The hazard activates once AI capability crosses a coverage threshold. Two gates control this: task-level gates determine which individual tasks AI can handle, while a job-level gate opens when enough of your job is automatable to justify replacement. Here's the sequence:

  1. Task-level gates open gradually: As AI capability $H_r(t)$ grows via METR's doubling trend, each task bucket's gate $G_i(H)$ opens. Short tasks automate first (gates open when $H$ exceeds their threshold $L_i$), then medium tasks, then long tasks. Your personalized weights $w_i$ determine how much each gate contributes to overall readiness.
  2. Job readiness accumulates: $A(t) = \sum w_i G_i(H)$ sums up all the open gates, weighted by your job profile. This gives a number between 0 and 1 representing what fraction of your job AI can perform.
  3. Job-level hazard gate activates: When $A(t)$ crosses the coverage threshold $\theta$ (typically 0.50), the hazard function $\lambda_{\text{AI}}(t)$ rapidly increases via the logistic gate. Before this point, hazard is near zero; after, it approaches the maximum $h_{\max} \times M_{\text{user}}$.
Task horizon
$$H_r(t) = \frac{H_{50,0} \cdot 2^{(t \cdot 12)/D}}{p_{\text{domain}} \cdot f_{\text{industry}} \cdot f(r)}$$

where $p_{\text{domain}}$ = role-specific penalty from questionnaire, $f_{\text{industry}}$ = industry friction slider

Automation doesn't happen all at once. AI steadily masters more of your tasks (task gates opening), but job displacement risk only spikes once AI can handle enough of your role to justify replacement (job gate opening). Jobs with more long-duration tasks take longer to reach this threshold.

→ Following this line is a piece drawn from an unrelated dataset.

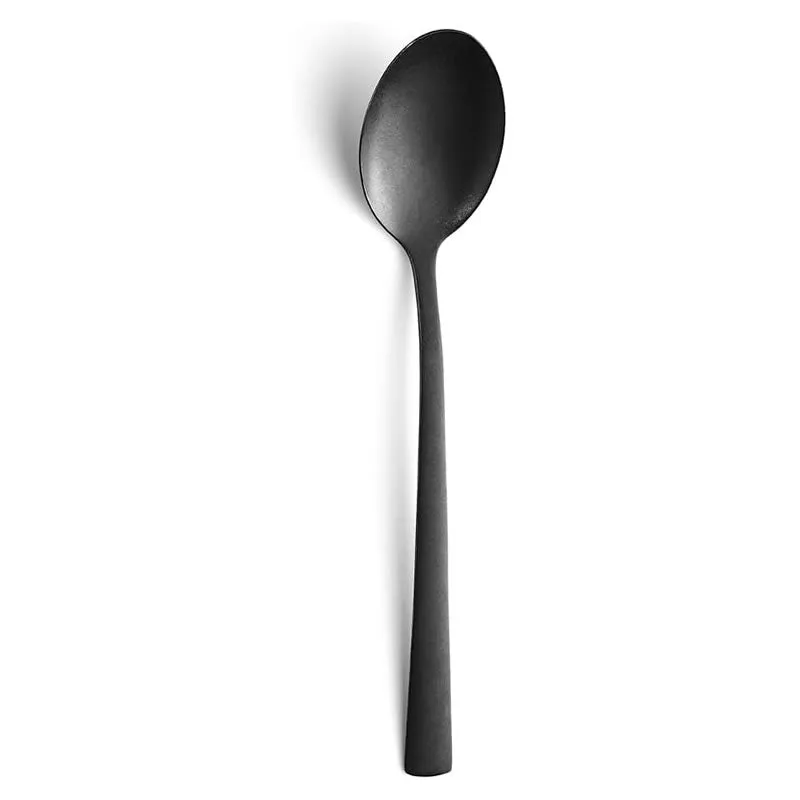 16 Pieces Black Cutlery Set -9035Vtvg17B78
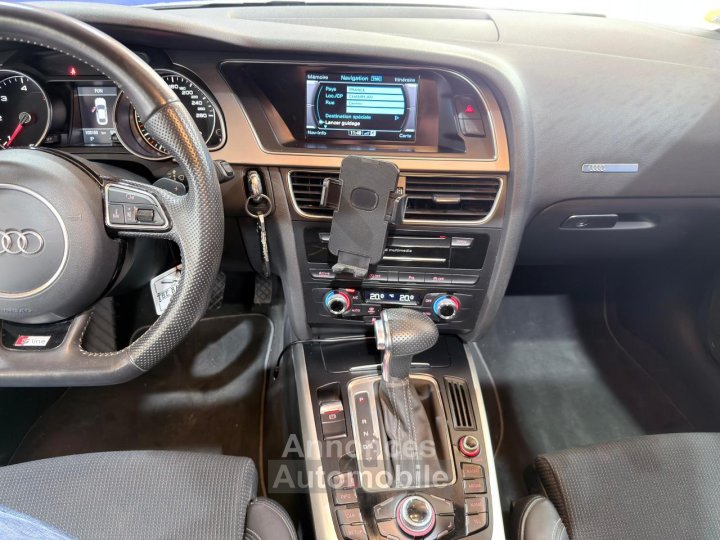 Audi A5 Sportback 20 TDI 177CH S LINE MULTITRONIC BVA - 22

  • Task horizon $H_r(t)$: $$H_r(t) = \frac{H_{50,0} \cdot 2^{(t \cdot 12)/D}}{p_{\text{domain}} \cdot f_{\text{industry}} \cdot f(r)}$$ where $D$ is METR's doubling period (computed dynamically from benchmark data, typically ~6-7 months). The baseline capability $H_{50,0}$ is divided by domain and industry friction penalties (described above), which reduce AI's effective capability for roles that are harder to automate. $f(r)$ is the reliability factor: higher reliability requirements further divide $H$, reducing AI's effective maximum task length. At the default 95% reliability, $f(0.95) \approx 33.4$, contracting the 50th percentile horizon (~162 min) down to about 4.8 minutes for production use.
  • Personalized task weights $w_i$: Your answers to Q5 (task decomposability), Q6 (task standardization), Q7 (context dependency), and your hierarchy level determine how your job breaks down across the five buckets. Entry-level roles skew toward shorter tasks; executive roles skew toward longer tasks. Highly structured jobs concentrate weight in the short buckets; complex jobs shift weight to longer buckets. High-context work means more weight in the 1–3 hr and >12 hr buckets. The weights always sum to 1.0 and represent what fraction of your job falls into each duration category.
  • Gate softness parameter $s$: Controls how sharply tasks transition from "AI can't do this" to "AI can do this". Entry-level structured work has sharper transitions; senior complex work has smoother, more gradual automation curves. Base value is 0.35, adjusted by seniority (±0.03 per level) and task complexity (Q5, Q6). Range: [0.20, 0.55].
  • Readiness $A_{\text{job}}(t)$: $$A_{\text{job}}(t) = \sum_i w_i G_i(H_r(t))$$ This weighted sum tells us what fraction of your job AI can perform at time $t$. If you're an entry-level role with 40% of tasks under 5 minutes and AI's capability $H_r(t)$ has reached 10 minutes, the <5 min gate is fully open ($G_1 \approx 1.0$), contributing $0.40 \times 1.0 = 0.40$ to readiness. Jobs with more long-duration tasks need higher $H_r$ before their readiness $A(t)$ crosses the coverage threshold $\theta$, delaying automation.
  • Coverage bar $\theta$: Baseline is 0.50, adjusted by seniority (thetaLift from -0.02 to +0.08), domain alignment (±0.12), and role explicitness (±0.10). Data-rich jobs, standardized workflows, and fast feedback loops lower this threshold because automation becomes viable earlier. Conversely, tacit knowledge, high context, and senior roles push it higher. Clamped to range [0.50, 0.85]. This threshold controls how much of the job must be automatable before displacement risk activates.
  • User multipliers $M_{\text{user}}(s)$: Questionnaire responses exponentiate into amplifier and friction sums, then are capped between $0.33\times$ and $3\times$ for responsiveness.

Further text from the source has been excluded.